Image-caption web data
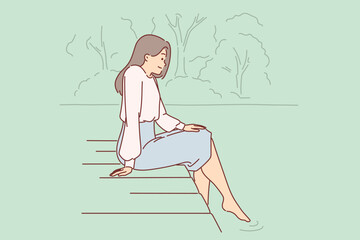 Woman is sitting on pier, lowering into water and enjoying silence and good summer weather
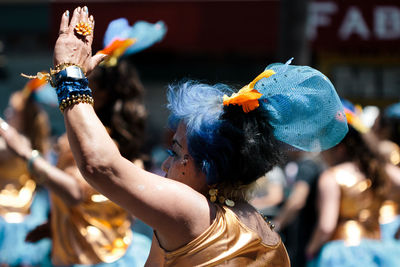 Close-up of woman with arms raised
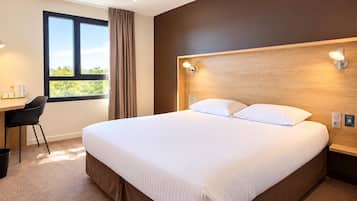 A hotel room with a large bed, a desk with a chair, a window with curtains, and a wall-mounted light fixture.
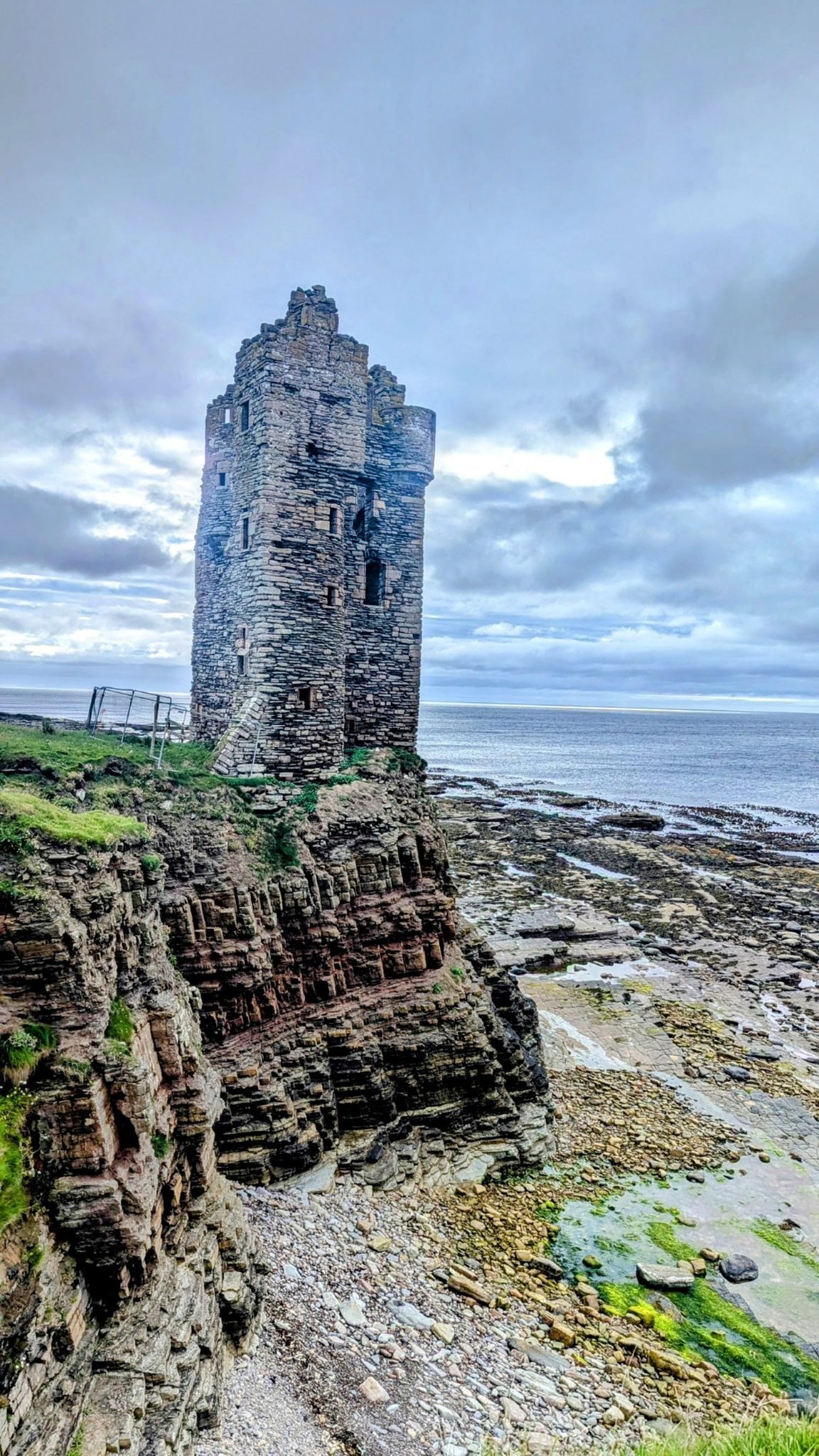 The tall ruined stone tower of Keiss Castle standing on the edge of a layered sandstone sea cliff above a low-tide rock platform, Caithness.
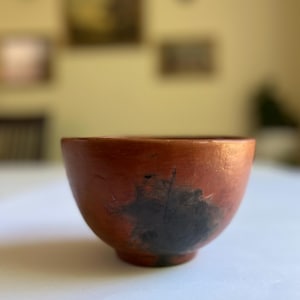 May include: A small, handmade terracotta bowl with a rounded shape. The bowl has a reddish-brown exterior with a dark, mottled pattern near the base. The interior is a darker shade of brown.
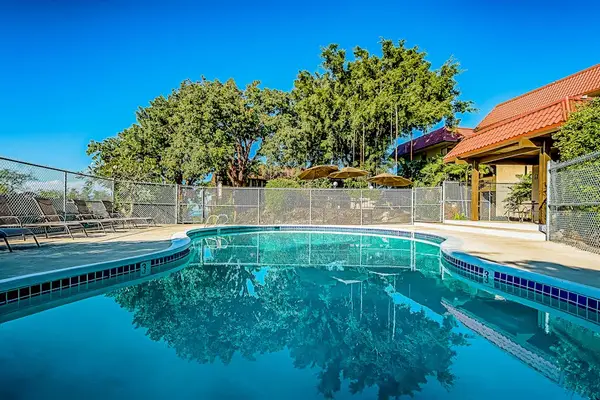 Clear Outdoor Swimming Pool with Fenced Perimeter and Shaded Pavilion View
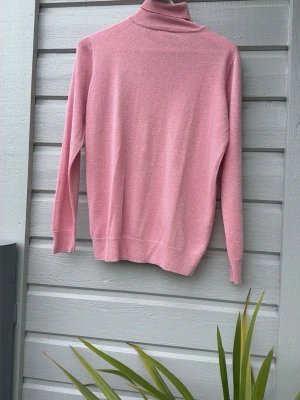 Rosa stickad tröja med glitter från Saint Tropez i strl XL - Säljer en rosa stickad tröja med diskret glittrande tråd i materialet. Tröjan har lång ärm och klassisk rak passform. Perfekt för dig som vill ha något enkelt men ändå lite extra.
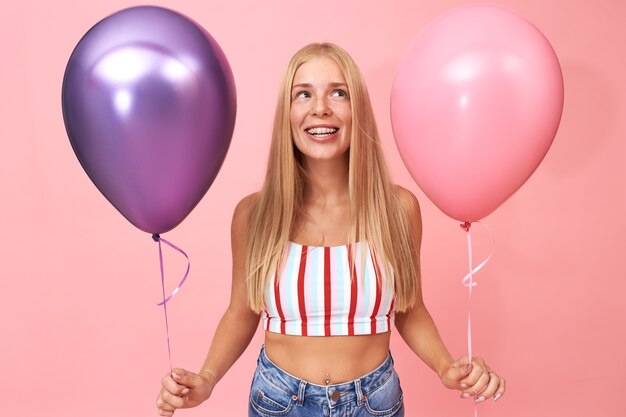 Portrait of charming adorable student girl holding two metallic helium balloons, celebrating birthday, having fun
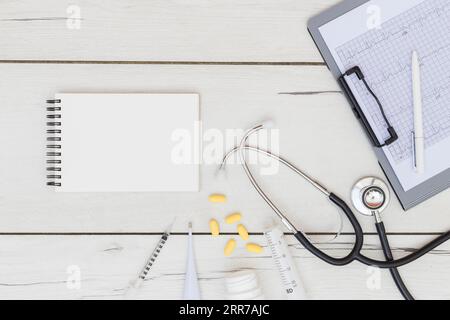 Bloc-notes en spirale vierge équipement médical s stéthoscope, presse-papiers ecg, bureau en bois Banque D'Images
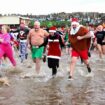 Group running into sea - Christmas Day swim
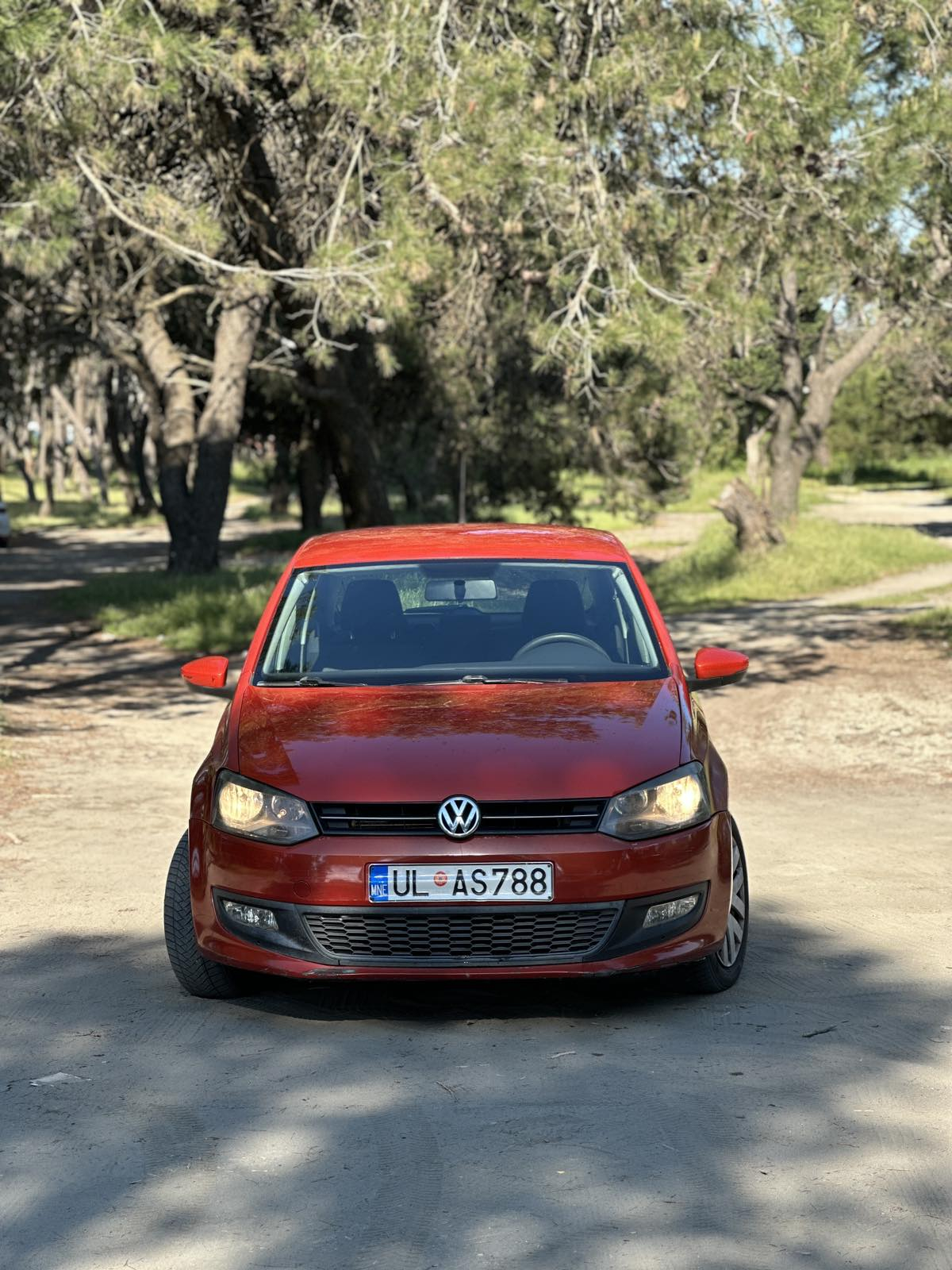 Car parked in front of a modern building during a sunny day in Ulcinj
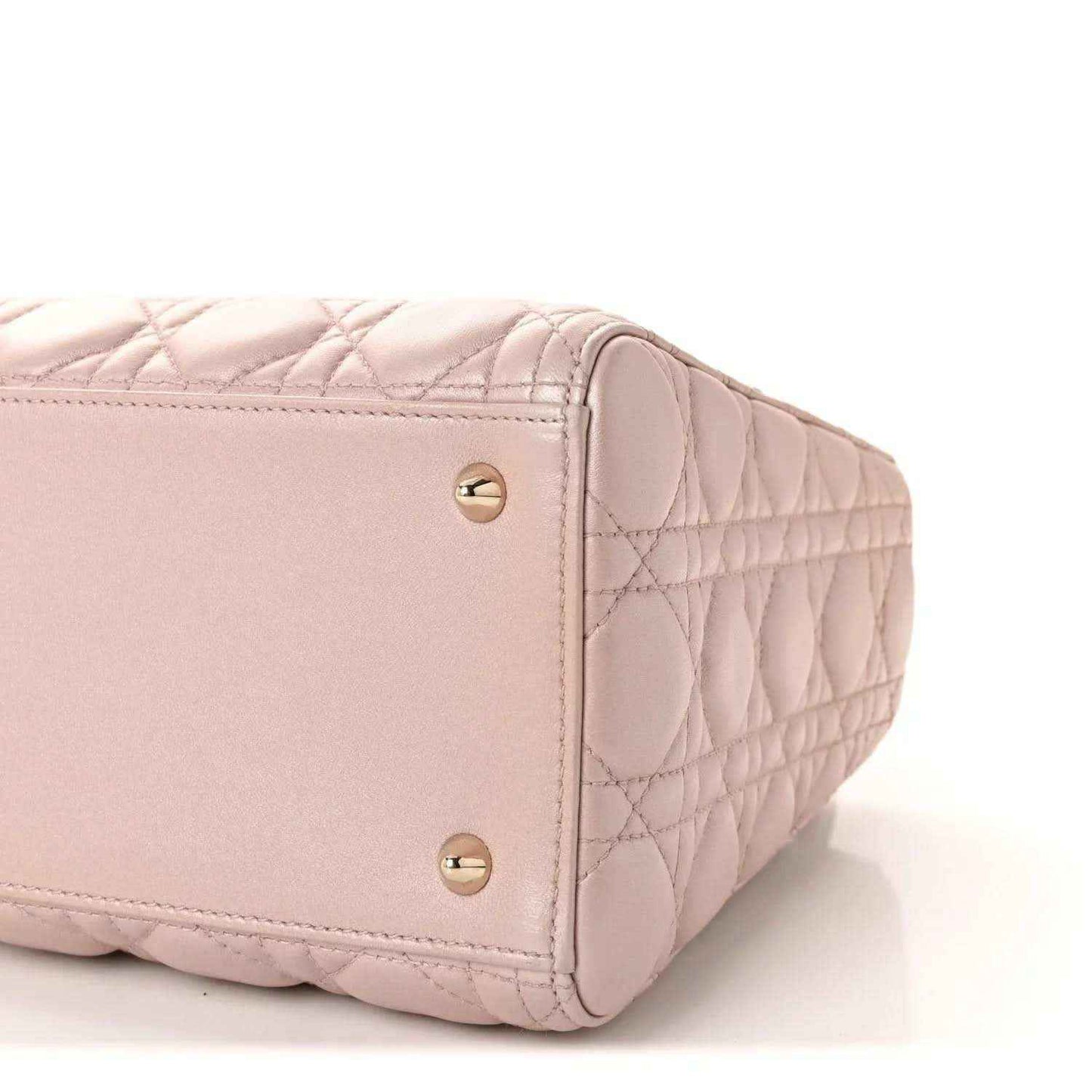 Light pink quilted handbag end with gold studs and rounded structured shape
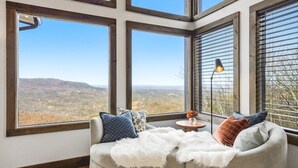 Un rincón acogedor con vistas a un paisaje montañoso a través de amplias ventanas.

• _PROBLEM TO SOLVE_:
The answer must be an exact copy of the lines from the one containing "May include: A" through the last line of the records, and nothing else. Pictures do not belong in it.

• _RESULT FOR THIS EXERCISE_:
 May include: A small, handmade terracotta bowl with a rounded shape. The bowl has a reddish-brown exterior with a dark, mottled pattern near the base. The interior is a darker shade of brown.
 Clear Outdoor Swimming Pool with Fenced Perimeter and Shaded Pavilion View
 Rosa stickad tröja med glitter från Saint Tropez i strl XL - Säljer en rosa stickad tröja med diskret glittrande tråd i materialet. Tröjan har lång ärm och klassisk rak passform. Perfekt för dig som vill ha något enkelt men ändå lite extra.
 Portrait of charming adorable student girl holding two metallic helium balloons, celebrating birthday, having fun
 Bloc-notes en spirale vierge équipement médical s stéthoscope, presse-papiers ecg, bureau en bois Banque D'Images
 Group running into sea - Christmas Day swim
 Car parked in front of a modern building during a sunny day in Ulcinj
 Light pink quilted handbag end with gold studs and rounded structured shape
 Un rincón acogedor con vistas a un paisaje montañoso a través de amplias ventanas.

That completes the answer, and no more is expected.